The count down is on as we get ever closer to the sale of the century from Sotheby’s. Having tempted the Arab market by jetting the painting across for a viewing of, incredibly, just one day (they sense where the buyer might come from at this level) it is poised to become the second most expensive old master ever sold – currently the ‘Massacre of the Innocents’ by Rubens sold by Sotheby’s for a shade under £50 million in 2002 holds that spot whilst, of course, Leonardo’s ‘Salvator Mundi’ is in at number 1 at $450 million. This Botticelli by comparison represents a bargain, being offered at $80 million.

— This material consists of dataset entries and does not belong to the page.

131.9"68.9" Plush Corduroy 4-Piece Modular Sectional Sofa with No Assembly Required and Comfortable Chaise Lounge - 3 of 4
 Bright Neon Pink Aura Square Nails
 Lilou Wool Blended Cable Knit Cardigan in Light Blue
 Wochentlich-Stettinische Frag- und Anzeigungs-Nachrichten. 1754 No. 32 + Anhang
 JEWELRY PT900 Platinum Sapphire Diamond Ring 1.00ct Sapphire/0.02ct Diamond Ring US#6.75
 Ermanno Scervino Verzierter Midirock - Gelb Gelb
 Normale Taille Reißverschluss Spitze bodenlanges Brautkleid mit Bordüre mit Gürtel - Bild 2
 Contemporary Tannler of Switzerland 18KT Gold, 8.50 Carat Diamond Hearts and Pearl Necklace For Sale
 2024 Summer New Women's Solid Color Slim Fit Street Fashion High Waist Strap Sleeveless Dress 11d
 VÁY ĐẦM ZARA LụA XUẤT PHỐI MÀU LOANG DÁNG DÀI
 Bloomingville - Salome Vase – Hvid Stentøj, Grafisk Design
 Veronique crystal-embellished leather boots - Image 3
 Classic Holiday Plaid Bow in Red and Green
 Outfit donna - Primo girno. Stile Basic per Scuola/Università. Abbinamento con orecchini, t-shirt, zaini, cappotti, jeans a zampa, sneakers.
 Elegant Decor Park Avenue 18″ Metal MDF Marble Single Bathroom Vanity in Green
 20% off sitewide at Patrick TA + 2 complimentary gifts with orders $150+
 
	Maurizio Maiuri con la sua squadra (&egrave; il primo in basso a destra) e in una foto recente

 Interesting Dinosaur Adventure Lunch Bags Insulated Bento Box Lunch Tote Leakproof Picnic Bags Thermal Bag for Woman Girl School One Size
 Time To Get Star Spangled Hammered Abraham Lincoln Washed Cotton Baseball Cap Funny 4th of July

Interestingly nobody knows who it depicts. It touches on a point here which resonates with me. I happen to adore portraiture and have been instrumental in the sales of many over the years. Yet many people consider it odd to have an unknown man or woman hanging on the wall as opposed to a dramatic landscape. Of course the most famous painting in the world is just that – the Mona Lisa, the identity not definitely being known. However if you have one of the legend names of art history behind it – Leonardo da Vinci – and the estimated value is reaching beyond $850 million then of course people rate it and are happy to have printed reproductions of it on their wall.


The scarcity of the Botticelli is undoubted, but the same mind set is being applied. Nobody cares that it is a portrait.

It’s more what it represents to a potential buyer and the clever marketing of the auctioneers that get the public attention and hopefully the attention of a buyer with exceptionally deep pockets. At the prices being discussed it will be somebody outside the old masters world who will be the potential purchaser. It is the same as when Christies offered the Salvator Mundi by Leonardo – it is being offered in a sale that encompasses works across the art historical spectrum of key names that will resonate with any extremely wealthy individual who might be looking for status symbol artworks. Hence the jet tour to the Middle East.

We will see what happens but I’m sure it will do well, whether the sitter is known or not. I only hope the actual painting doesn’t disappear like the Salvator Mundi.